As the drones in a hive are direct copies of the queens genes, ie. they are unfertilized eggs and are haploid. A queen mating with such drones would produce drones eggs. If reared they would be triploid bees and sterile.
The bees keep the drones in the hive with a virgin queen as they assume other hives are in the same situation and are producing virgin queens that will require mating.
This evolutionary thing is very clever with all they checks and balances!!!
 
As the drones in a hive are direct copies of the queens genes, ie. they are unfertilized eggs and are haploid. A queen mating with such drones would produce drones eggs. If reared they would be triploid bees and sterile.
The bees keep the drones in the hive with a virgin queen as they assume other hives are in the same situation and are producing virgin queens that will require mating.
A queen mating with a drone(s) sharing a common sex allele will still produce 50% viable worker (or queen) eggs.
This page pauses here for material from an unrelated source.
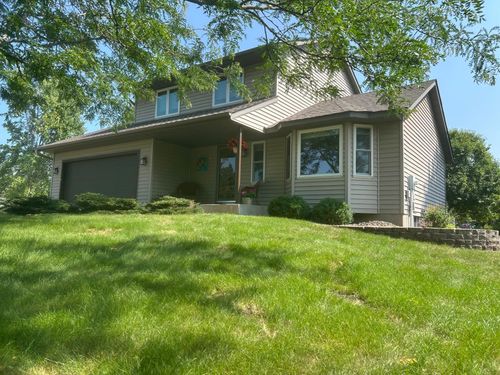 899 Wert Rd, Hudson, WI, 54016-7596 | Card Image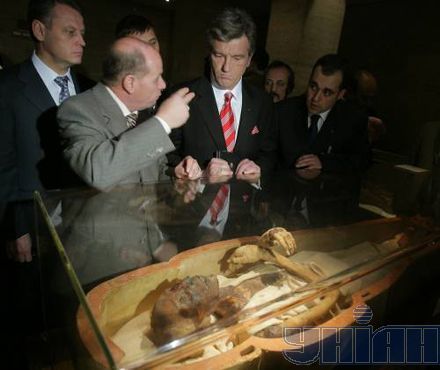 Ющенко зазирнув в очі мумії (фоторепортаж)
If an egg is laid with both sex alleles identical, a drone is produced, but it is a diploid drone, not triploid. Please read about Arrhenotokous parthenogenesis for details. Anthropomorphising that bees "think" is unlikely to explain why bees keep drones late in the fall when they do not have a laying queen. Occam's razor suggests the simplest explanation is that they don't have a mated laying queen therefore they keep drones as a survival mechanism so their virgin queen can mate. I have often observed a few drones in about 10% of my colonies over winter. One trick I have used in the past is to make a colony queenless so they will maintain drones for late season mating. This has worked as late as early November resulting in queens that produced a crop of honey the next year.
 
What I was trying to say, from my original post is that I had always worked on the basis of trying to raise queens from my "best" hive, to mate with the drones from my other hives. But if I turn this on it's head, is it just as effective to try to get my most productive hive to raise as many drones as possible during the mating season, to mate with the queens from my other hives. I understand the haploid interbreeding issue (and have seen it first had this year) which is not what I was thinking.
 
As said, no sense to put your best hive to produce them drones.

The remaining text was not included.